Filed Under: Economy and Business and Finance, Machine Manufacturing, Food

CHANGE is a constant challenge in the world of business—but perhaps none more challenging than it has been in recent years.

All over the world, the advent of technology and growing competition for market share have forced companies to change long-established practices and models to be able to survive and thrive.

Such was the case at the local unit of global food manufacturing giant Nestlé S.A.

In a recent interview, Nestlé Philippines Inc.’s former chair and CEO Nandu Nandkishore explained how the firm turned itself from a large, lumbering multinational firm into a more nimble and agile organization, ready to meet challenges of a new business environment.


Radical changes

This just a day before he was to leave for the group’s headquarters in Vevey, Switzerland, to serve as its senior vice president and global business head of infant nutrition.

During the interview, Nandkishore explained that the radical changes in Nestlé had actually started more than a decade ago, thanks to the visionary leadership of its then CEO, and now group chair, Peter Brabeck.

“In 1998, the then CEO basically noted that the Nestlé business model has been successful for 135 years,” he said. “We succeeded around the world as an agro-food converter.”

He explained the company’s business model as such: “We could take agricultural raw materials from one part of the world where there was abundant supply, process them into shelf stable form using technology, and market them in a different part of the world where they were not available.”


Bigger and better

“This technology and access to agricultural raw materials basically gave arbitrage which enabled the successful growth of the company over 135 years,” he said.

Under this system, Nestlé actually invented the technology for the manufacture of everyday food products like sweetened condensed milk, milk chocolate and instant coffee, among others.

“All these things that you take for granted today ... were invented by Nestlé or invented by companies which Nestlé eventually acquired,” he said with evident pride.

But a company cannot remain in an attractive market for very long without attracting competitors that are sometimes even bigger and better in the same field.

Nandkishore said the technology-based, agro-food conversion model that sustained Nestlé for the past century had rapidly become unsustainable as the technology became available in the public domain.

So the question that faced Nestlé a decade ago was how to stay relevant over the next 100 years?

In answer, Nestlé’s bosses had to return to the roots of the company’s mission.
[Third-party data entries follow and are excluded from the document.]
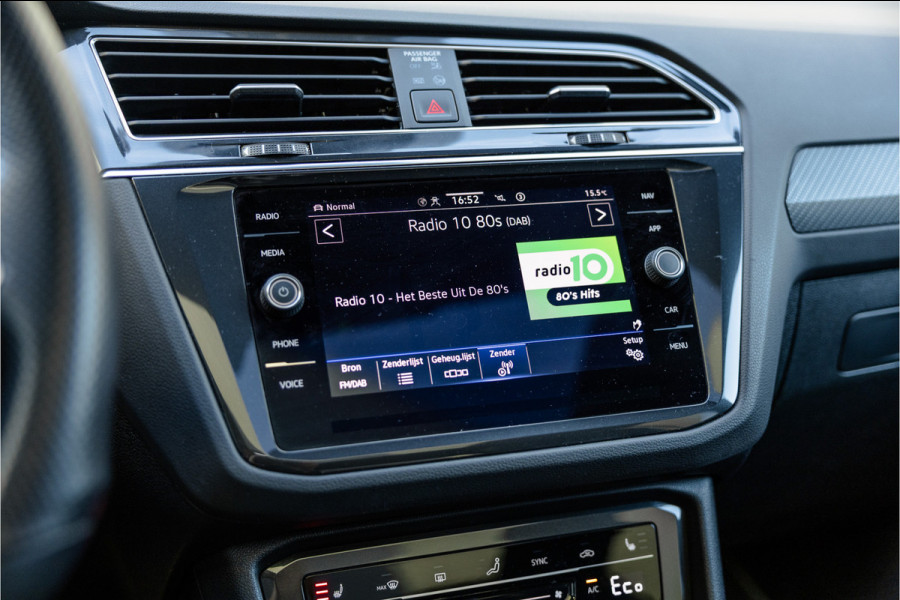 Volkswagen Tiguan 1.4 TSI eHybrid R-Line Business+ Pano / Trekhaak / Black /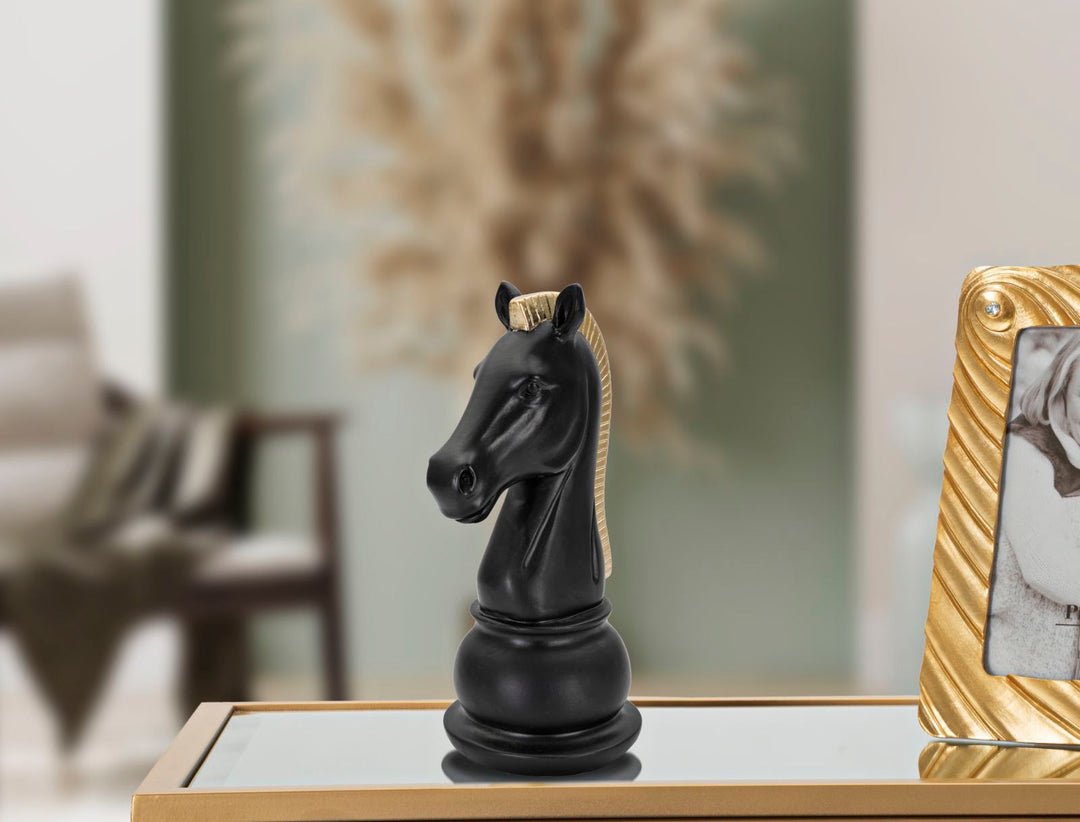 Muñeco de Ajedrez Caballo Negro y Dorado (Escultura Moderna)
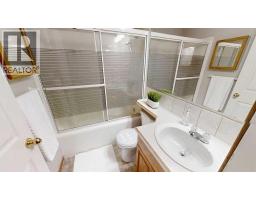 42 Mt Backus Crescent W - photo 9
“Nestlé’s mission from its founding was ‘good food, good life’,” Nadkishore said. “It was all about producing products that somehow make life better for people. In keeping with this mission, Peter Brabeck realized that our agro-product conversion model was probably not sustainable and needed to be changed.”

Redirection

Since the company had one of the largest investments in research and development, dollar-wise, among firms worldwide (at about 2 billion Swiss francs or 2 percent of its gobal sales annually), it decided to redirect these efforts into producing the next generation of food products that actually nourish and help make people well.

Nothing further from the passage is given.